## Try it
Leave the pictures out and print, word for word, the lines below from the one with "2023 Chevrolet Malibu 1LT photo 1" through the final line.

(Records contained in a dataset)
________________________________________
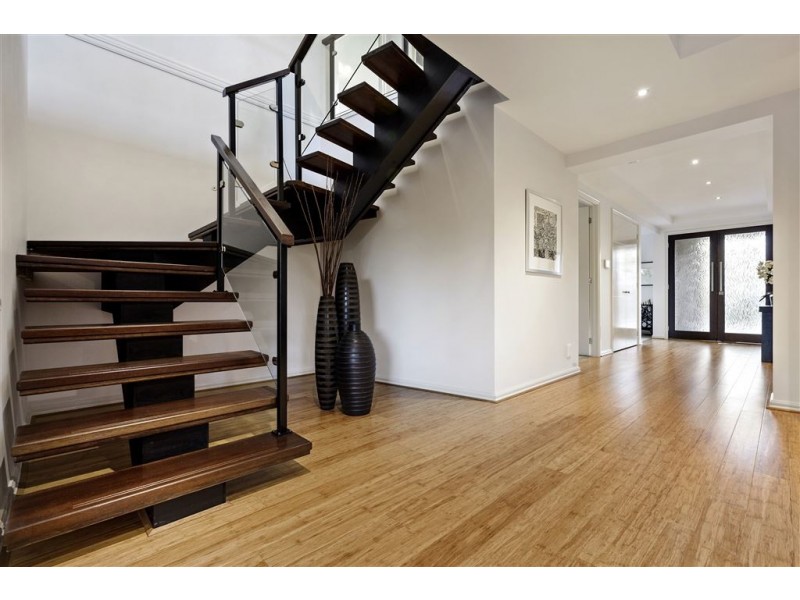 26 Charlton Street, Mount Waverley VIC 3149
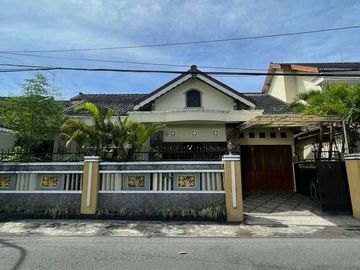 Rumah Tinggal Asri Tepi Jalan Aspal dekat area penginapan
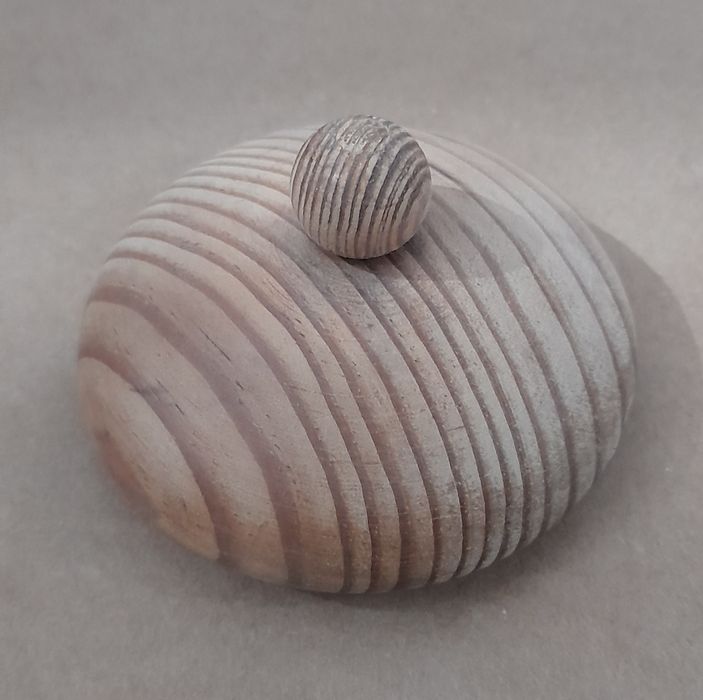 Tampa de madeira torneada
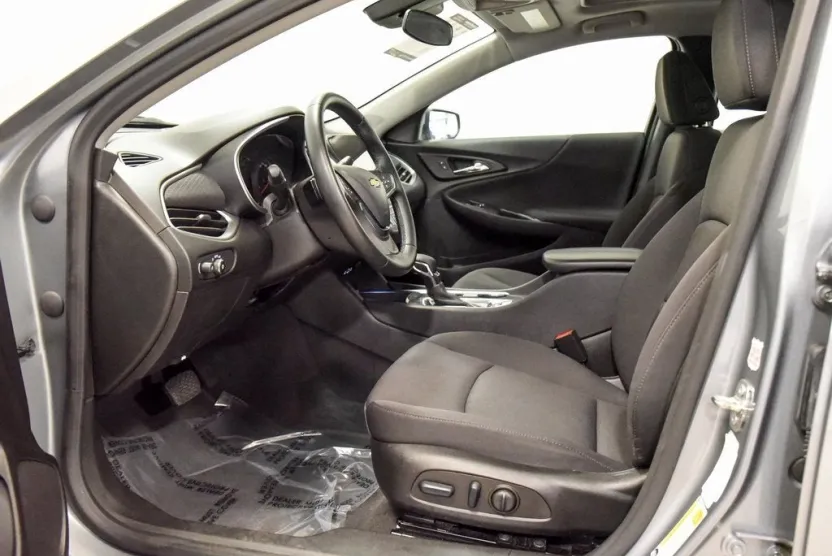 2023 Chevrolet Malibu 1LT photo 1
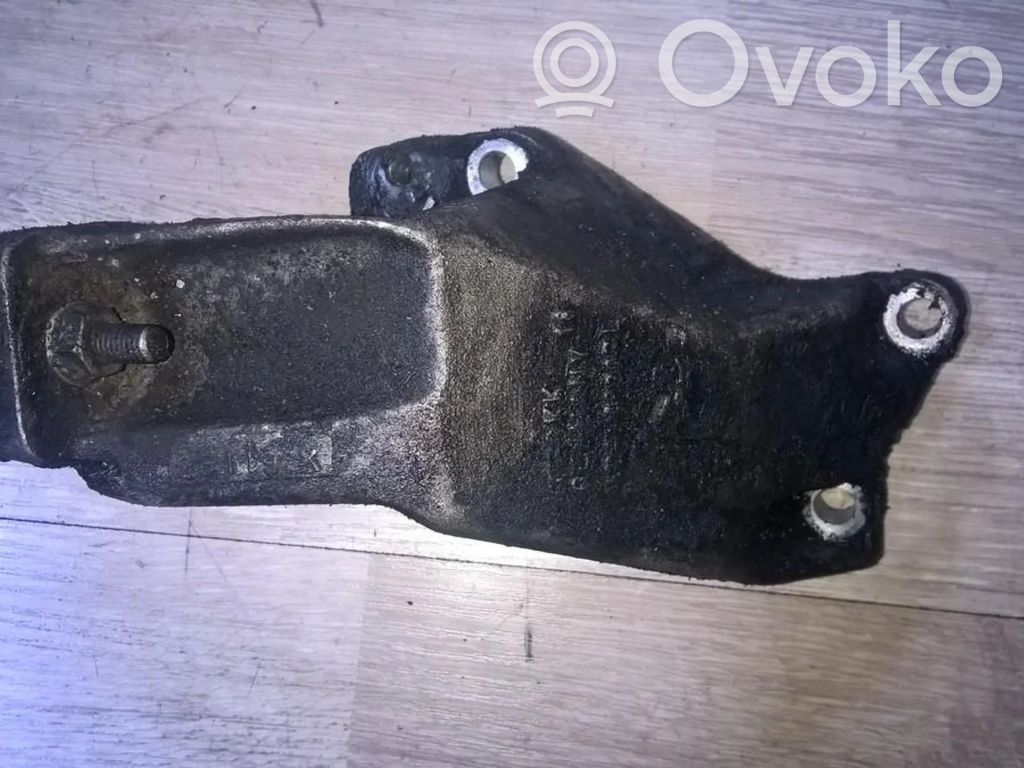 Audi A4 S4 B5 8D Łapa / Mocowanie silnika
________________________________________
## Exercise result
 2023 Chevrolet Malibu 1LT photo 1
 Audi A4 S4 B5 8D Łapa / Mocowanie silnika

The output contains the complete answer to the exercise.